Muito do charme do espaço se deve aos eventos culturais realizado ali para promover a venda de jornal e unir a comunidade. Por isso, o nome, “Banca da Cultura”. O primeiro encontro do gênero aconteceria em 1965, com ajuda de um estudante local.

A ideia era simples, mas eficiente. Bastava comprar um livro e levar um jornal. Deu certo. De lá para cá, promoções do gênero não pararam mais. De vinho, a locação de filmes, de tudo um pouco foi tentado para alavancar os negócios e estreitar os laços com a clientela. E aparecia cada freguês…

Seu Lourival sempre incentivou atividades culturais na banca

“Um dia quem veio aqui foi o presidente Figueiredo (o último do regime militar), também já vieram Tancredo Neves e até Marco Maciel”. Vieram porque, de certa forma, eu fazia gincanas e eles tinham que trazer as crianças para brincar”, revela.

“Estamos aqui há muitos anos. O Lourivaldo é parte da nossa história, a importância cultural dele aqui para a Asa Sul é imensa”, agradece o músico Marcelo Linhos.

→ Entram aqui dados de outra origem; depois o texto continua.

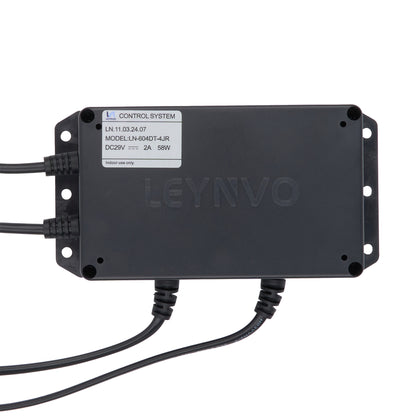 A black industrial electronic control module with a white label reading 'L Control System' and 'Model LN-6040T-4JR', with the brand name 'LEYNVO' embossed on the front, shown on a white background with attached cables.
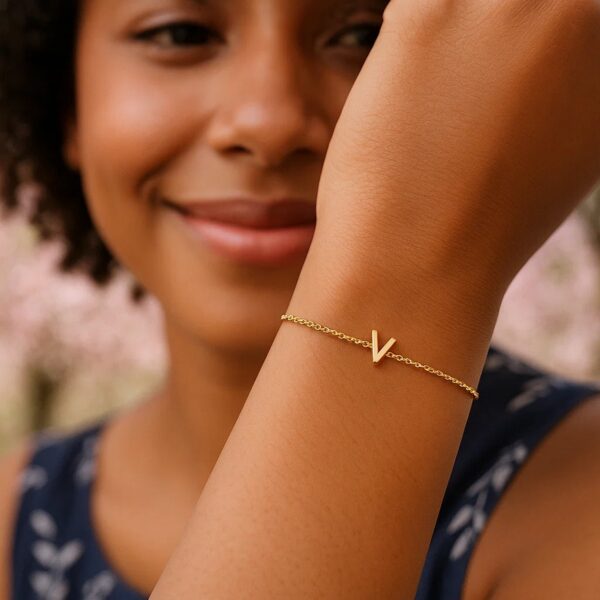 14K Yellow Gold Mini Initial V Bracelet - alternate view 4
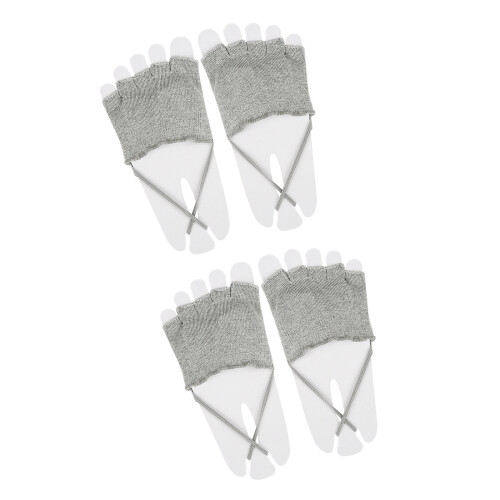 Lot de 2 chaussettes séparatrices d'orteils en coton-Gris ouvert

Vizinha do empresário, na 308 Sul, a jornalista Conceição Freitas resume assim a atuação do colega de trabalho: “Ele nasceu para o que é, como naquele documentário das irmãs cegas A Pessoa é Para o que Nasce [2005]. Ele é o empreendedor, muito antes de o empreendedorismo virar uma tática perversa do neoliberalismo. Comerciante antigo, com todo o talento para o ofício. Incansável, está sempre olhando adiante, tentando perceber para onde o mundo vai. Admirável”.